● Aim of the exercise
Set every record down verbatim and omit the pictures.

____________

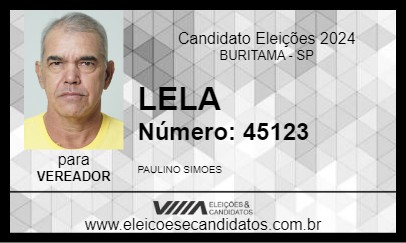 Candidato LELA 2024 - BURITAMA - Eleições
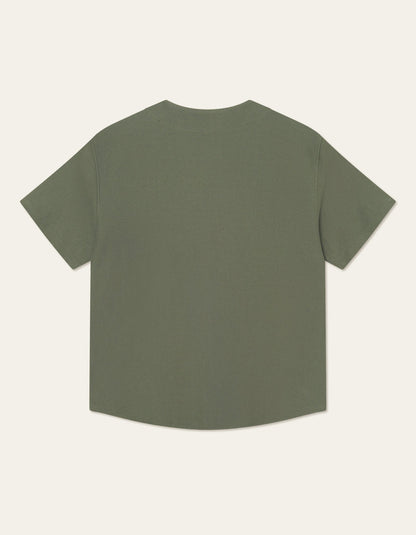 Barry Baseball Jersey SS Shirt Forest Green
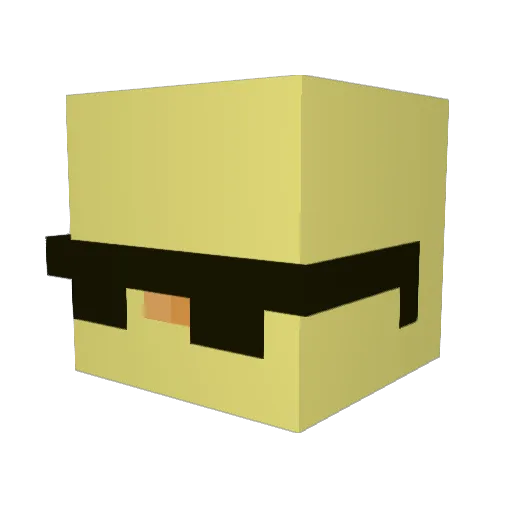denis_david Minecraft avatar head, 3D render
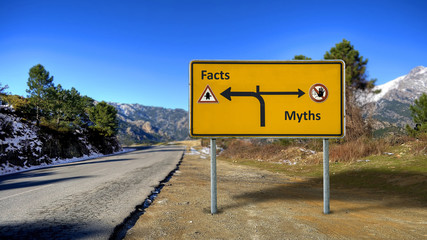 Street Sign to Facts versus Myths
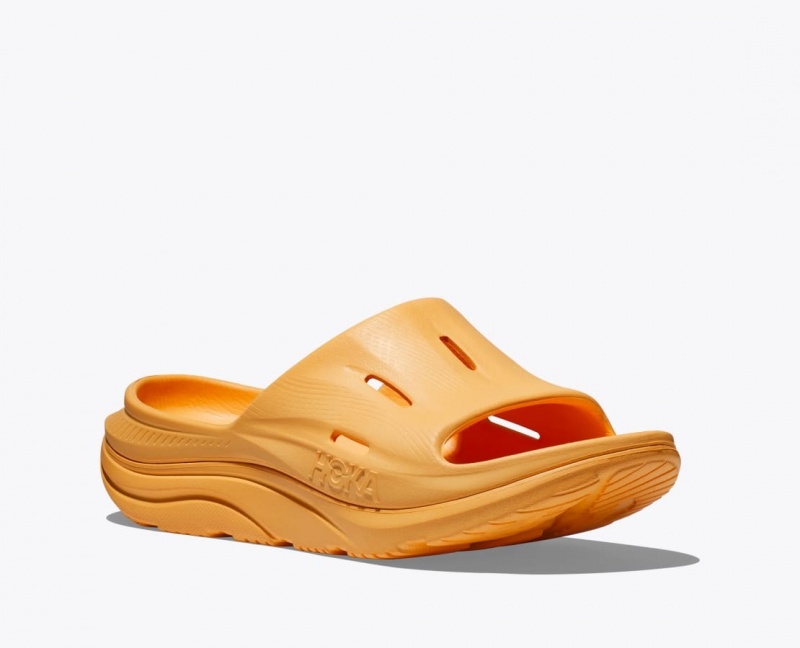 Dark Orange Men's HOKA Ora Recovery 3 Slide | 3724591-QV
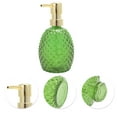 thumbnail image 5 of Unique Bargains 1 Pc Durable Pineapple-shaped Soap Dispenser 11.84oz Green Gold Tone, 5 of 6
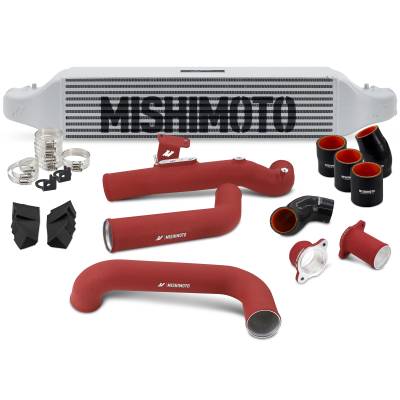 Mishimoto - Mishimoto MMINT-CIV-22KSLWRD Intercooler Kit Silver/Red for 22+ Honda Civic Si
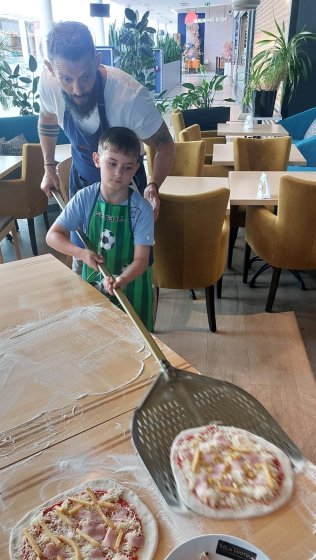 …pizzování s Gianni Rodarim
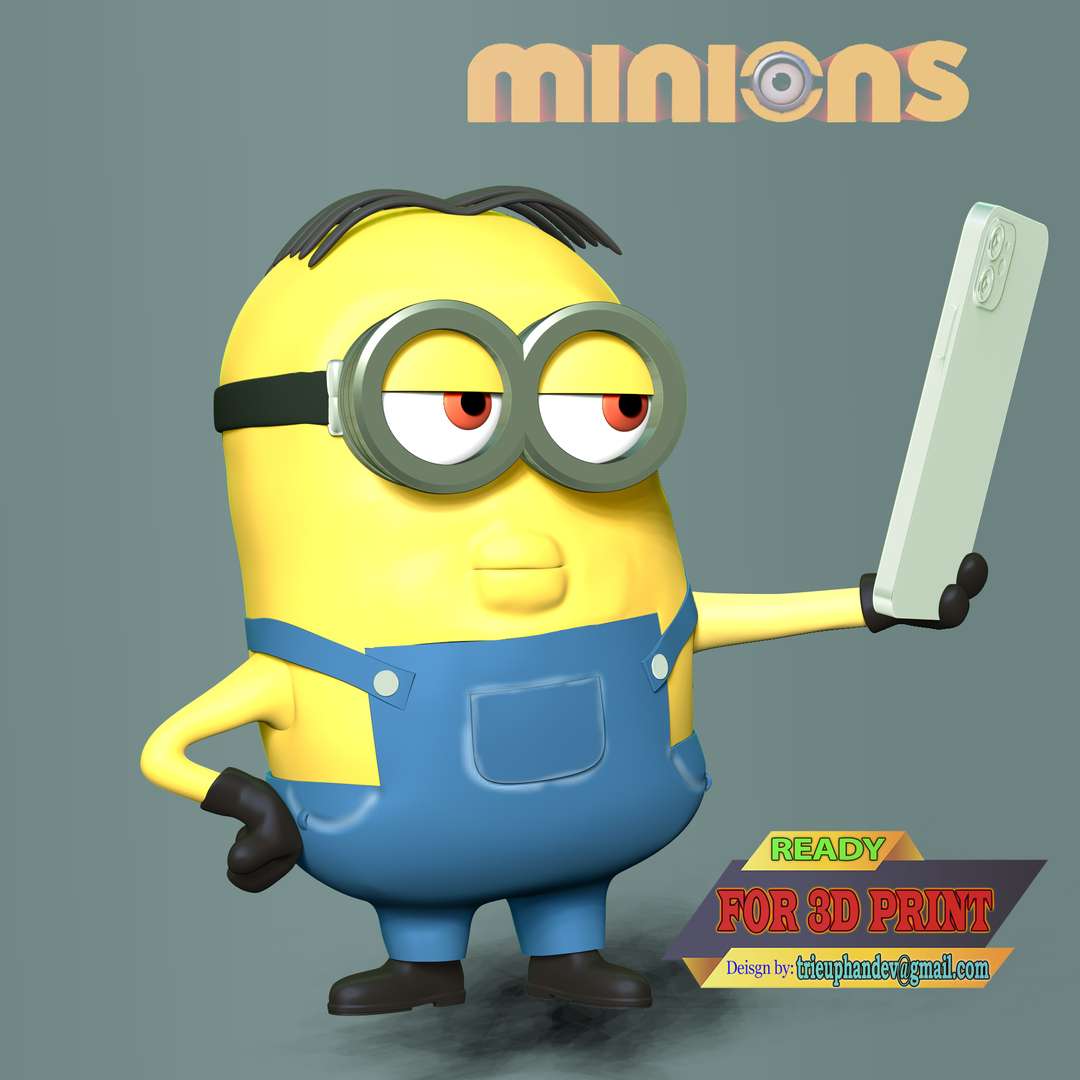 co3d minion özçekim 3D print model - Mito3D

____________

● Answer to this exercise
 Candidato LELA 2024 - BURITAMA - Eleições
 Barry Baseball Jersey SS Shirt Forest Green
denis_david Minecraft avatar head, 3D render
 Street Sign to Facts versus Myths
 Dark Orange Men's HOKA Ora Recovery 3 Slide | 3724591-QV
 thumbnail image 5 of Unique Bargains 1 Pc Durable Pineapple-shaped Soap Dispenser 11.84oz Green Gold Tone, 5 of 6
 Mishimoto - Mishimoto MMINT-CIV-22KSLWRD Intercooler Kit Silver/Red for 22+ Honda Civic Si
 …pizzování s Gianni Rodarim
 co3d minion özçekim 3D print model - Mito3D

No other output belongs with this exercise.